Carbohydrates in starches, such as white bread, are broken down upon
digestion: first into maltose, and then into glucose, which quickly moves from
the digestive system to the bloodstream. Maltose, which is made of two glucose
molecules (glucose + glucose) and is present in white bread, is actually more
harmful than pure table sugar, which has a different molecular structure. Table
sugar (sucrose) is composed of two different molecules (glucose + fructose).

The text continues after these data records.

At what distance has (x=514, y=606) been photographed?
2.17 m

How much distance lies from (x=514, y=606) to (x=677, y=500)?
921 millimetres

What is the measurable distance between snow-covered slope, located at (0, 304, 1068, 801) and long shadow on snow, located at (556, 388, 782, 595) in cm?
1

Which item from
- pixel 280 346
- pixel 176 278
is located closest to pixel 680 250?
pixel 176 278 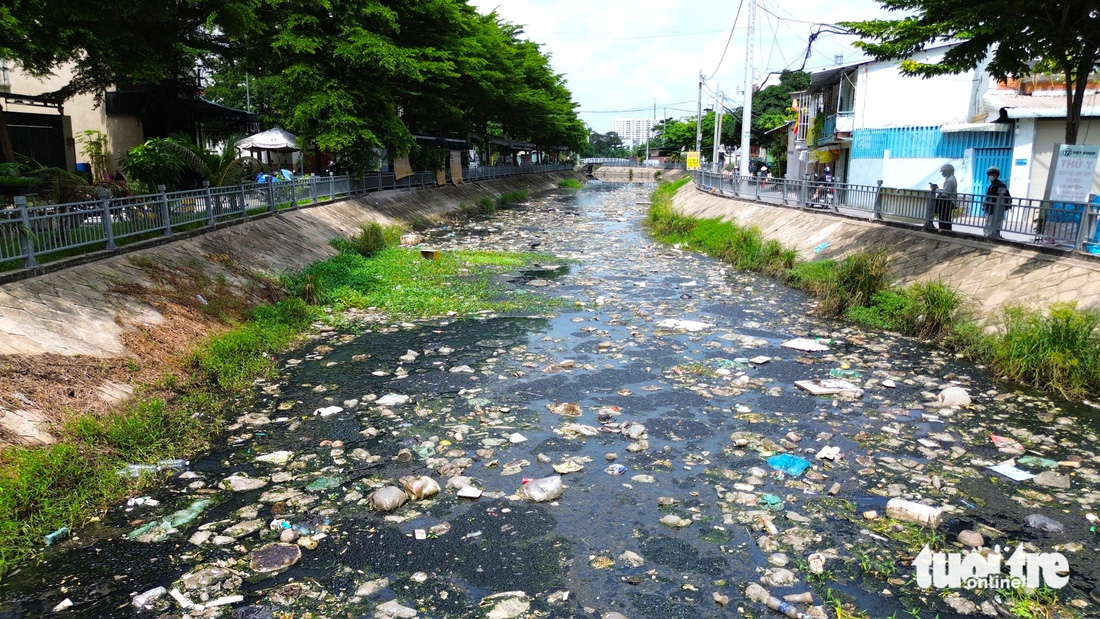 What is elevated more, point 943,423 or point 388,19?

When table sugar is consumed, the glucose part moves into the bloodstream
and raises blood sugar levels, but the fructose part is metabolized by the liver. In
other words, table sugar has less impact on the glucose level in the bloodstream
than refined carbohydrates have. This means that eating white bread or white
rice is worse than eating a bowl of pure table sugar, since it has more of a
negative impact on insulin secretion. Isn’t it amazing that you think twice before
putting 2 spoonfuls of sugar in your coffee, but you don’t worry about eating a
bowl of cereal or pasta? Never before in history have our bodies had to deal with
this kind of sugar overload.
When you consume refined grains, blood sugar levels fluctuate erratically and
dramatically, much more so than if you were eating pure table sugar alone (Fig.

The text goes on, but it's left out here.